Plotting average change over time
One easy thing to do is to investigate whether and how the response changes over time on average. This is simply curve fitting, similar to polynomial regression, but can be fit using the TVEM function, in an approach sometimes called `intercept-only TVEM.’ This approach uses a spline function to approximate the average change in \(y\) over time.
By default, the tvem function will fit a penalized B-spline (de Boor, 1972), which is called a “P-spline” in the terminology of Eilers and Marx (1996). This approach uses an automatic tuning penalty to choose the level of smoothness versus flexibility of the fitted function. It is similar, though not identical, to the P-splines used in the Methodology Center’s %TVEM macro for the SAS programming language. The P-splines used by the %TVEM macro are penalized truncated power splines (Li et al., 2017; see Ruppert, Wand & Carroll, 2003).
You also have the option to turn off the penalty and control the smoothness yourself, by specifying the number of interior knots, here 2.
model1_2knots_unpenalized <- tvem(data=the_data,
formula=y~1,
id=subject_id,
num_knots=2,
penalize=FALSE,
time=time)The implied mean model is \(E(y|t) =\beta_0(t)\) where \(t\) is time in days. After fitting a model, you can print a summary and plot the estimated coefficient.

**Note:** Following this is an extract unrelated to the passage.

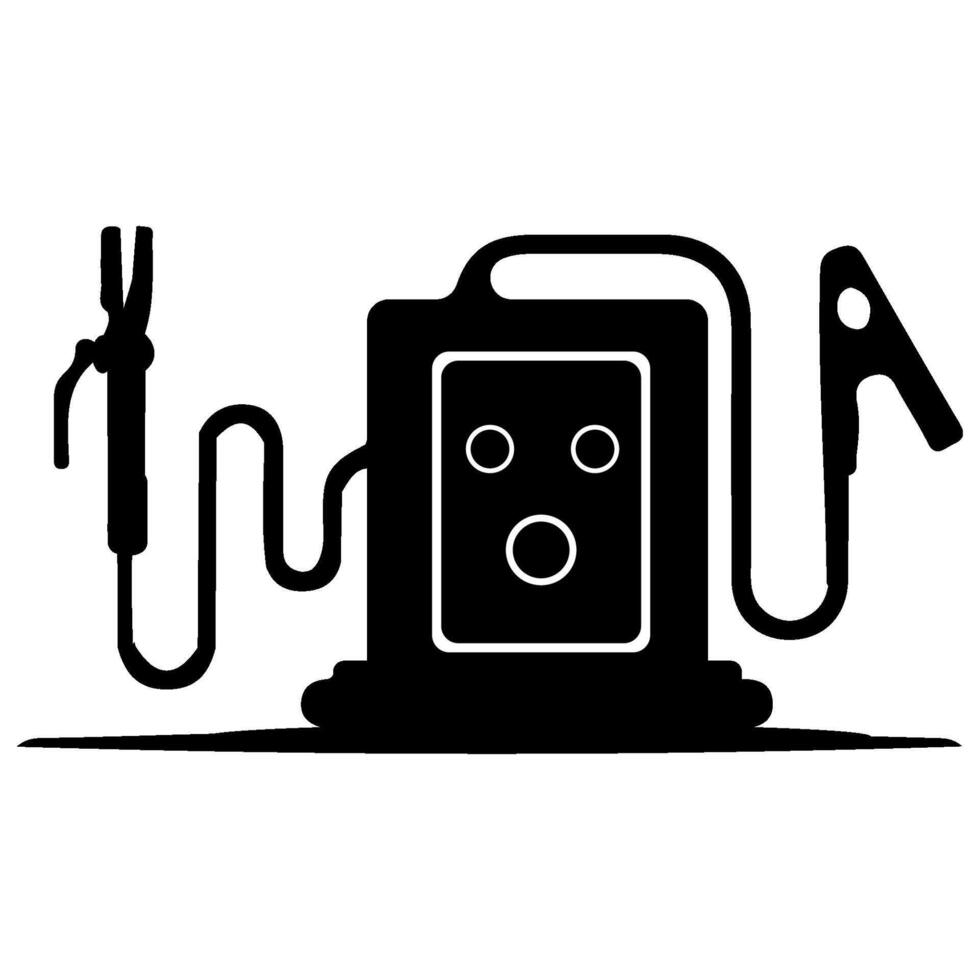 electric welding machine icon vectors illustration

print(model1_2knots_unpenalized)
#> =======================================================
#> Time-Varying Effects Modeling (TVEM) Function Output
#> =======================================================
#> Response variable: y
#> Response outcome distribution type: gaussian
#> Time interval: 0 to 7
#> Number of subjects: 300
#> Effects specified as time-varying: (Intercept)
#> You can use the plot function to view the plots.

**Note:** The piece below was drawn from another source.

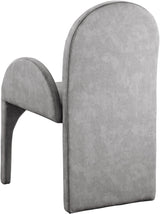 Summer Grey Velvet Dining Arm Chair - Ella Furniture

#> =======================================================
#> Back-end model fitted in mgcv::bam function:
#> Method REML
#> Formula:
#> y ~ s(time, bs = "ps", by = NA, pc = 0, k = 6, fx = TRUE)
#> Pseudolikelihood AIC: 46234.19
#> Pseudolikelihood BIC: 46260.11
#> Note: Used listwise deletion for missing data.
#> =======================================================
plot(model1_2knots_unpenalized)
The plot shows the estimated coefficient function, and approximate estimates for 95% pointwise confidence intervals (not corrected for potential multiple comparisons) for the value of the function at each time.
We do not estimate random effects in the current version of this package. Instead, we use a (possibly penalized) form of generalized estimating equations with working independence, and adjust the standard errors for within-subject correlation using a sandwich formula.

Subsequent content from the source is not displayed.